Question

Two pith balls carrying equal charges are suspended from a common point by strings of equal length, the equilibrium separation between them is $r$. Fig. Now the strings are rigidly clamped at half the height. The equilibrium separation between the balls, now becomes.

Answer 1

Given two pith balls carrying equal charges are suspended from a common point by strings of equal length.
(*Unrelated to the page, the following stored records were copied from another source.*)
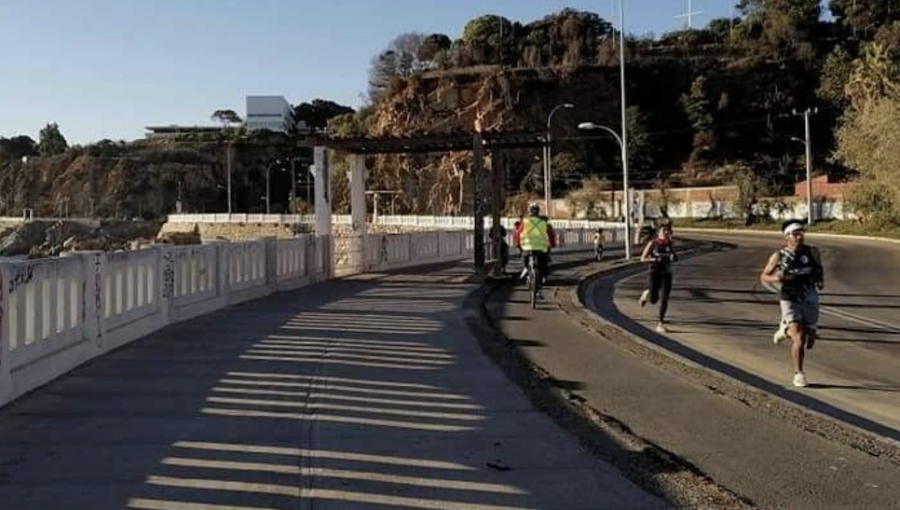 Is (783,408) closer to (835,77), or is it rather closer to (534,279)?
(534,279)

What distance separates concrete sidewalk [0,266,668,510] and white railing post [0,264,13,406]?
150mm

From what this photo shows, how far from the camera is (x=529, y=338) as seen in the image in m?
13.0

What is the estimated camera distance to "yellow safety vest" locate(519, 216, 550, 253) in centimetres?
1761

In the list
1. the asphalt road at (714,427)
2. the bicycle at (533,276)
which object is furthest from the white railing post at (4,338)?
the bicycle at (533,276)

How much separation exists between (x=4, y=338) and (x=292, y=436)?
2.74 m

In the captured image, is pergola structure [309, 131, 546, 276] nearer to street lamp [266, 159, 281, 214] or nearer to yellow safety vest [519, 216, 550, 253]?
yellow safety vest [519, 216, 550, 253]

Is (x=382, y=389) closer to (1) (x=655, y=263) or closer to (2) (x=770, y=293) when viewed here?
(1) (x=655, y=263)

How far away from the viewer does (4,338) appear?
8.05 metres

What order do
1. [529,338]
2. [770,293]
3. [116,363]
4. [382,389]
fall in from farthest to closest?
[770,293] < [529,338] < [116,363] < [382,389]

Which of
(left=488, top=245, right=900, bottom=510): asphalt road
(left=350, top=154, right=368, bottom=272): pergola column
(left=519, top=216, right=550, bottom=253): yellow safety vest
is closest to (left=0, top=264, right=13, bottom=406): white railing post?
(left=488, top=245, right=900, bottom=510): asphalt road

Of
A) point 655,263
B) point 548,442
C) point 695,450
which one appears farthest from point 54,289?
point 655,263

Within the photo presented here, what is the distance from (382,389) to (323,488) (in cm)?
316

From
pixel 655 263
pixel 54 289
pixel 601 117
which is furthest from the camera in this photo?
pixel 601 117

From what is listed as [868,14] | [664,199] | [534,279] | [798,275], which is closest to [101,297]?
[798,275]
The equilibrium separation between them is $r$. Now, we have to find the equilibrium separation when the strings are clamped at half the height.
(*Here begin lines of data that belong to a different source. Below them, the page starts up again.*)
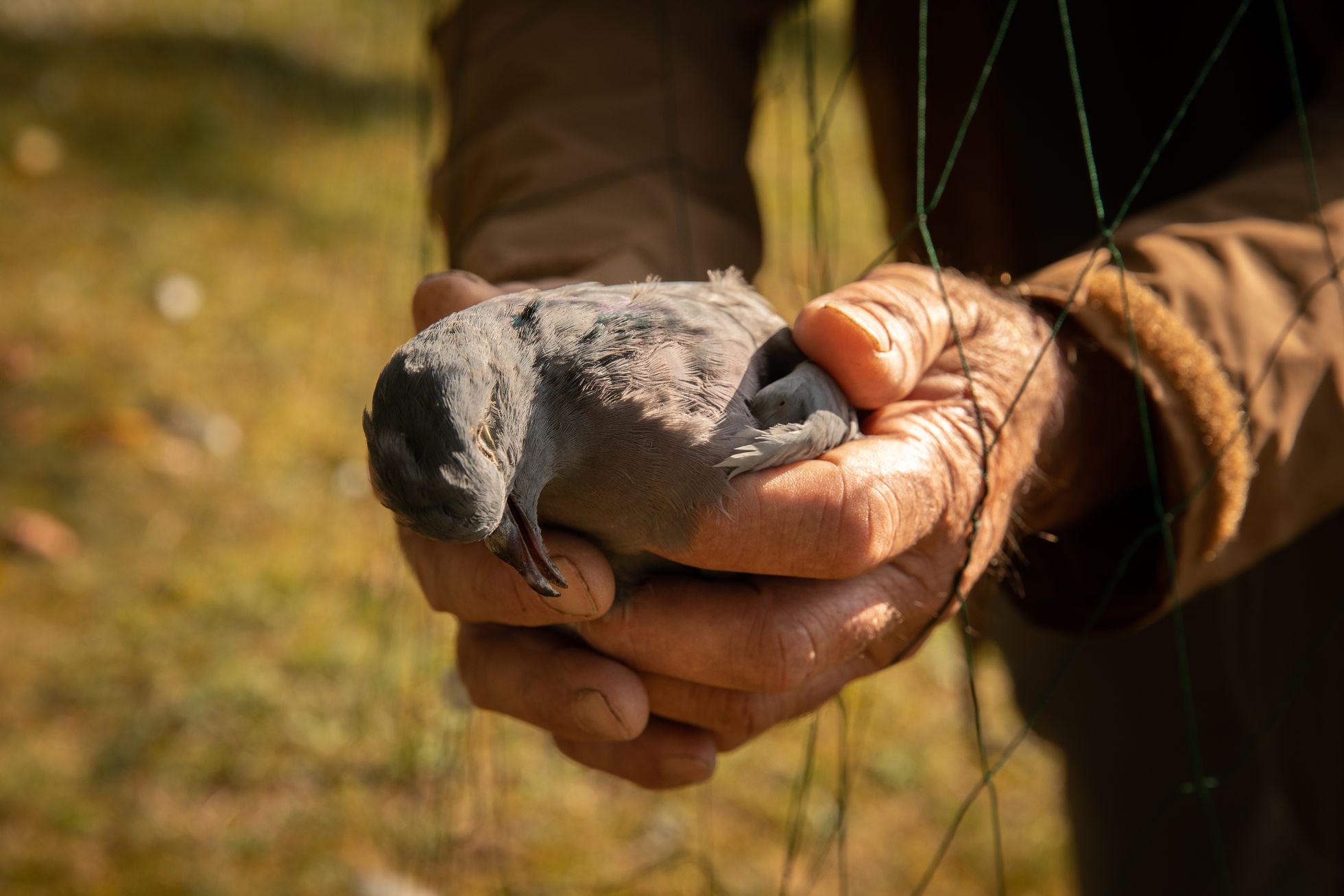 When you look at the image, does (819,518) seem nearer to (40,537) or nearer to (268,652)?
(268,652)

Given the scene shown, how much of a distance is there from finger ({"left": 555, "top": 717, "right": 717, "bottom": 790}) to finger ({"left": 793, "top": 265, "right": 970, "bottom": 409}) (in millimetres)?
649

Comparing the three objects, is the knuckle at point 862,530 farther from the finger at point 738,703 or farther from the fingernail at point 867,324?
the finger at point 738,703

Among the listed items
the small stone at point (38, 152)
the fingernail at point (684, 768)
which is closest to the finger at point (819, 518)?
the fingernail at point (684, 768)

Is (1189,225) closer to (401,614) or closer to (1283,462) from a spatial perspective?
(1283,462)

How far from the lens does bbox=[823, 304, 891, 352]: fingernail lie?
A: 5.37ft

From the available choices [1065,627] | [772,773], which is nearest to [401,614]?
[772,773]

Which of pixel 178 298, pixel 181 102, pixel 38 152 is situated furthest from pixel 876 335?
pixel 181 102

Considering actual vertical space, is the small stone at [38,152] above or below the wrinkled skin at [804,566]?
below

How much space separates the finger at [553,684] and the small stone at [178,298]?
12.3 ft

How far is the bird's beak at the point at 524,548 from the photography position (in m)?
1.41

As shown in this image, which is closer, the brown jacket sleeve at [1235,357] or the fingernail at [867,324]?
the fingernail at [867,324]

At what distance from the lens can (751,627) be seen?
5.52ft

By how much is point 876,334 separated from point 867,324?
0.02m

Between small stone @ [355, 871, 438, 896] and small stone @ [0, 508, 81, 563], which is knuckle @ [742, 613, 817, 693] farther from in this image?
small stone @ [0, 508, 81, 563] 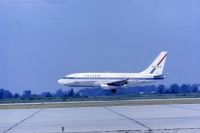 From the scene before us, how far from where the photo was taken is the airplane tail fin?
9899 cm

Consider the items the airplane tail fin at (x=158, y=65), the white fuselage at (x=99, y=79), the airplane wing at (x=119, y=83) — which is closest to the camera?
the airplane wing at (x=119, y=83)

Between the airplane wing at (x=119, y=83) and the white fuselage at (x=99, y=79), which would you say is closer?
the airplane wing at (x=119, y=83)

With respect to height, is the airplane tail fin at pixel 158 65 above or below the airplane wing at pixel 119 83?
above

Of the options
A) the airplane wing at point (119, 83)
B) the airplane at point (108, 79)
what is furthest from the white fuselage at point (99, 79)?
the airplane wing at point (119, 83)

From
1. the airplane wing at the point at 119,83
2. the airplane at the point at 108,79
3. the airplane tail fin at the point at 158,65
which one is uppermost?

We can see from the figure that under equilibrium, $\tan \theta =\frac{F}{mg}$ ...(i)

and also, $\tan \theta =\frac{r/2}{y}$ ...(ii)
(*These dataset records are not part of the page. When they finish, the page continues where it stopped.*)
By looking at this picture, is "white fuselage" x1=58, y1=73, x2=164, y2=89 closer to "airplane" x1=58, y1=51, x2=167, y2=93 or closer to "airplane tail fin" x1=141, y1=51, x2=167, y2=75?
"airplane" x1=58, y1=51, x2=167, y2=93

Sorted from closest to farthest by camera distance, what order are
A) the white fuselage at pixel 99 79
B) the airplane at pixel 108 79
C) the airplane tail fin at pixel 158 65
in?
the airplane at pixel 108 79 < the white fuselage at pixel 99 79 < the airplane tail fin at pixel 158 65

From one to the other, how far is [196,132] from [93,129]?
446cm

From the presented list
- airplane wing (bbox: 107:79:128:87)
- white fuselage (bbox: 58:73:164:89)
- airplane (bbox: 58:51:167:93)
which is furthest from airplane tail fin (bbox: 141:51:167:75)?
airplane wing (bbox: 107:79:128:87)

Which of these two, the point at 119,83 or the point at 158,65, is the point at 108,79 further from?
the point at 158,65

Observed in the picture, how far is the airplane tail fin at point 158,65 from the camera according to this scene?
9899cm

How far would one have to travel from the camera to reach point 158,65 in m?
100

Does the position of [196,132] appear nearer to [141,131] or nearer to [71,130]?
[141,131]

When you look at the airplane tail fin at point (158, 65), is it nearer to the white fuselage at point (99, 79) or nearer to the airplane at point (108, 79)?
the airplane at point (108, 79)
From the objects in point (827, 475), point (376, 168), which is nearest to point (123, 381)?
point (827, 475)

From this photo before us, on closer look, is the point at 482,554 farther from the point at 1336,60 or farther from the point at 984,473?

Equating (i) and (ii), we get

$\frac{F}{mg}=\frac{r}{2y}$

also, Force, $F=\frac{k{q}^2}{r^2}$

where $k=$ constant $=9\times {10}^9$

So, we get $r^3=\left(\frac{k{q}^2}{mg}\right)y$ ...(iii)

Let $r^{\prime }$ be the equilibrium separation when $y\to \frac{y}{2}$

So, equation (iii) then reduces to:

$r^{\prime 3}=\left(\frac{k{q}^2}{mg}\right)\frac{y}{2}$ ...(iv)

Dividing (iv) by (iii) we get,

So, $\frac{r^{\prime 3}}{r^3}=\frac{1}{2}$

$r^{\prime }=r{\left(\frac{1}{2}\right)}^{1/3}$